I dieci mesi passati in Giappone sono stati avvolti nella nebbia tipica dei sogni, dove niente sembrava reale quanto questo asfalto grigio su cui cammino e questo cielo blu che mi sovrasta.
Risvegliarsi è stato come tornare a respirare, intenso e morbido come il tiramisù che si scioglie in bocca, consolante come camminare in strada d’estate mangiando un ghiacciolo al limone e sentire il profumo della biancheria stesa fuori ad asciugare.
 
Non ero felice, là in Giappone. Si può dire che sia stata sfortunata, che sia stata colpa mia, che è così che doveva andare. Si possono dire tante cose, ma io preferisco guardare tutto con distacco, pensando che quel che è fatto è fatto ed è inutile piangersi addosso.
 
Il Giappone è un posto meraviglioso, e ci sono giorni in cui il mio unico pensiero è tornarci, viverci per sempre, farne la mia casa.
Altri in cui la malinconia mi assale e mi ricorda quant’è stato bello uscire da quell’aeroporto, il 28 giugno scorso, e sentire l’odore umido e inebriante della notte estiva italiana.
Vorrei raccontare tutti gli eventi con calma, ma prima mi sembra doveroso fare un’anticipazione.
 
Il Giappone mi ha mangiato l’anima.
Mi ha addormentata, mi ha anestetizzata e mi ha strappato via tutto senza che me ne rendessi conto.
Ora è troppo tardi.
Della ragazza entusiasta, positiva, piena di sogni, fiduciosa ed estroversa che è partita da Roma il 28 agosto 2013 è rimasta solo la scatola vuota da buttare.
Avrei voluto salutare meglio i miei, lasciare che mi guardassero meglio, che mi accarezzassero ancora un po’ perché quella sarebbe stata l’ultima volta che mi vedevano.

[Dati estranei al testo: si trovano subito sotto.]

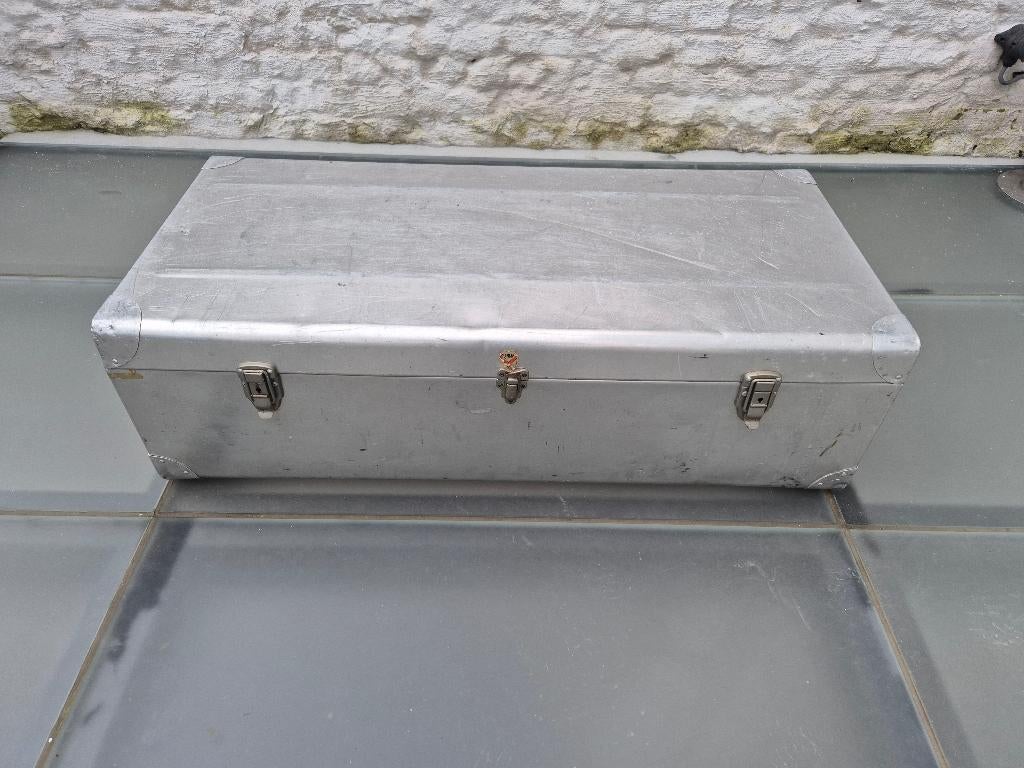 Grande malle vintage en aluminium, Enlèvement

E invece ho pensato solo al mio egoismo e ai miei sogni ciechi, li ho salutati spicciamente, ho sorriso loro e poi mi sono messa in fila per il check-in. Mi sono voltata una sola volta e ho fatto “ok” con la mano. Mia madre aveva gli occhi lucidi e non mi scollava gli occhi di dosso.


Non mi sono pentita di essere andata in Giappone e di aver fatto quel che ho fatto, ma i miei sì.
Mio padre mi guarda disperato e cerca di ripescare nel mio sguardo qualche barlume fioco della luce che aveva prima. Mia madre piange spesso.
Mi dicono che sono cattiva e insensibile, e io mi sento un verme perché li faccio soffrire con la mia apatia, la mia cattiveria, la mia mancanza d’affetto, la mia introversione. Più che chiudo dentro di me il disagio e la rabbia dell’essere rimasta sola contro tutti, più che non chiedo aiuto, e più che loro sprofondano nel mare nero dell’impotenza.
Mi guardano sperando che torni normale, desiderandolo più della loro vita.
Ma non posso tornare quella di prima neanche volendolo.
E’ come chiedere a una rana di tornare un girino, a un biscotto inzuppato nel caffèlatte di ridivenire compatto.
 
So di tante persone che hanno vissuto un’esperienza meravigliosa, che hanno conosciuto famiglie stupende che li hanno aiutati, capiti e amati. Li ho visti con i miei occhi abbracciarsi all’aeroporto e sono morta dentro.
Studenti con tutti i compagni di classe ad abbracciarli e a piangere.
Mi sono chiesta quanto effettivamente ho sbagliato io e quanto sia stata colpa del caso.
 
E pensare che all’inizio mi era sembrato tutto perfetto.